I recently applied for a tourist visa through the Netherlands Embassy here in Jakarta to visit European museums, but I was informed yesterday that my application was refused. The refusal letter cited “reasonable doubt regarding your intention to leave the territory of the Member States before the expiry of the visa.”

In order to comply with the application requirements, I had submitted my leave approval from the civil service and bank statements, but I suspect the lack of distinct travel history to the zone played a role.
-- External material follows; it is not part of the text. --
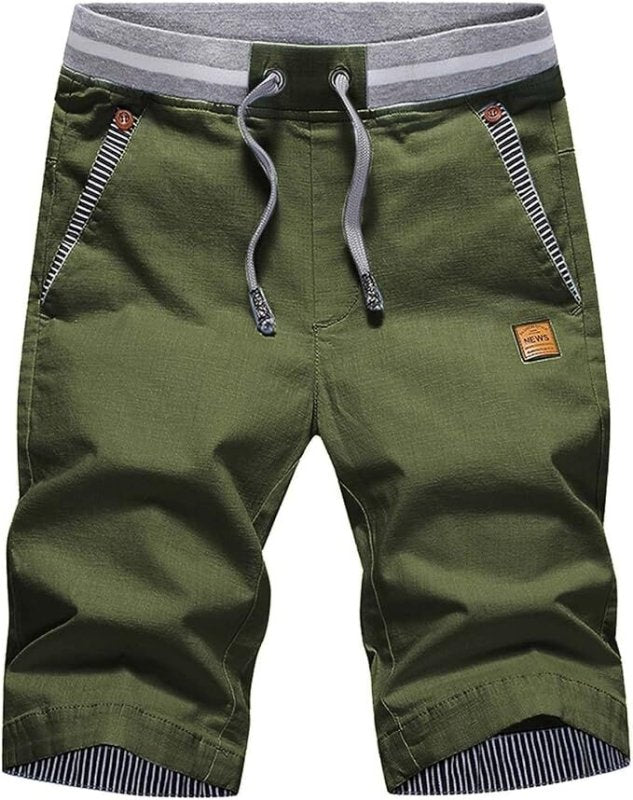 Irving - Relaxed Fit Chino Shorts | By Julian & Claire Toronto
I was not effectively allowed to explain my itinerary during the submission.

Could you please advise on the following:

  1. Is there a mandatory “cooling-off” period I must observe, or can I file a new application immediately?
  2. If I reapply specifically to the same embassy, will it automatically result in another rejection without new evidence?

Thank you kindly for your guidance on this matter.

Realizing this is often a point of confusion for many first-time applicants, it is important to clarify that this is not a legal ban, but rather an administrative refusal.

Here’s the clear, practical answer:

  • There is no mandatory cooling-off period. You’re allowed to reapply immediately under Schengen rules.

  • However, reapplying to the same embassy without new, stronger evidence very often leads to another refusal.

For the refusal reason you got (“reasonable doubt you will leave”):

  • Leave approval + bank statements alone are often not enough, especially with limited or no Schengen travel history.

  • The issue is usually ties and credibility, not paperwork volume.

If you reapply:

  • You must show material changes (e.g. stronger employment proof, clearer travel history elsewhere, simpler itinerary, stronger evidence of ongoing obligations in Indonesia).

  • If nothing meaningfully changes, the embassy will likely reach the same conclusion, not because of an automatic flag, but because the risk assessment hasn’t improved.

You can reapply immediately, but you shouldn’t unless you can clearly strengthen the “intent to return” aspect. Otherwise, waiting and rebuilding your profile is the safer move.

Think ahead. A second rejection within two weeks suggests desperation, which only validates their initial suspicion that you intend to overstay.